How do I merge dictionaries together, using weights?_问答_开发者

d1 = {'weight':1, 'data': { 'apples': 8, 'oranges': 7 } }
d2 = {'weight':3, 'data': { 'apples': 4, 'bananas': 3 } }
all_dictionaries = [d1, d2, ... ]

def mergeDictionariesWithWeig开发者_如何学Goht(all_dictionaries)

How do I merge these dictionaries together (if overlap, multiple value with the weight)

The function would return:

{ 'apples': 4, 'oranges': 7, 'bananas': 3 }

Apples is 4 because 8 * .25 + 4 * .75

Edit: I just wrote one that takes the average, something like this.

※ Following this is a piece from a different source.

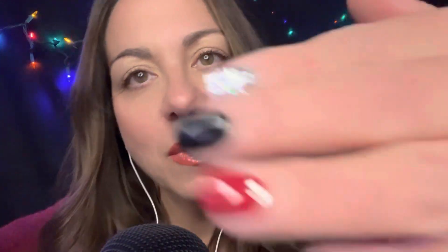Nice to see you again. Thank you for coming back, or coming to my channel.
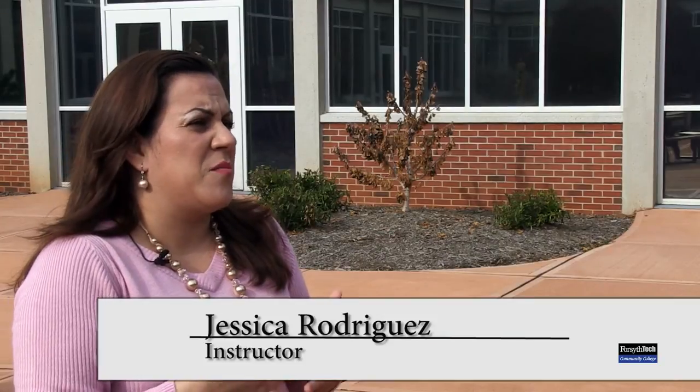Forsyth Tech helped me in my career as an interpreter, not only by giving me a strong medical vocabulary, but also it gave me the right tools — the do's and the don'ts that you should be aware of when you're working in a medical hospital setting. I really like teaching here at Forsyth Tech because it gives me the opportunity to share my knowledge and experience interpreting in the medical field. I really think it makes a big difference to have the assistance of an interpreter that has had the proper training versus somebody that is just able to speak two languages.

But of course it's really different from what I want to do, because I stick everything in a list and just divide by the length.

result = {}
keymap = {}
for the_dict in dlist:
    for (k, v) in the_dict.items():
        if not keymap.has_key(k):
            keymap[k] = []
        keymap[k].append(v)
for (k, v) in keymap.items():
    average = sum(int(x) for x in keymap[k]) / float(len(keymap[k]))
    result[k] = float(average)
return result

>>> from collections import defaultdict
>>> d=defaultdict(lambda:(0,0))
>>> for D in all_dictionaries:
...   weight = D['weight']
...   for k,v in D['data'].items():
...     d[k]=d[k][0]+weight*v,d[k][1]+weight
... 
>>> dict((k,v[0]/v[1]) for k,v in d.items())
{'apples': 5, 'oranges': 7, 'bananas': 3}

If you need floating point result

>>> dict((k,1.*v[0]/v[1]) for k,v in d.items())
{'apples': 5.0, 'oranges': 7.0, 'bananas': 3.0}

Notes about defaultdict

Often you see defaultdict(int) or defaultdict(list) maybe even defaultdict(set). The argument to defaultdict must be callable with no parameters. The result of calling this parameter is used whenever a key is found to be missing. ie - calling this returns the default value for the dictionary

for example

>>> d=defaultdict(int)
>>> d[1]
0
>>> d['foo']
0

This is often used for counting things up because int() returns 0. If you want the default value to be 1 instead of 0, it's more tricky because you can't pass a parameter to int, but all you need is a callable that returns 1. This can be accomplished without too much fuss by using a lambda function.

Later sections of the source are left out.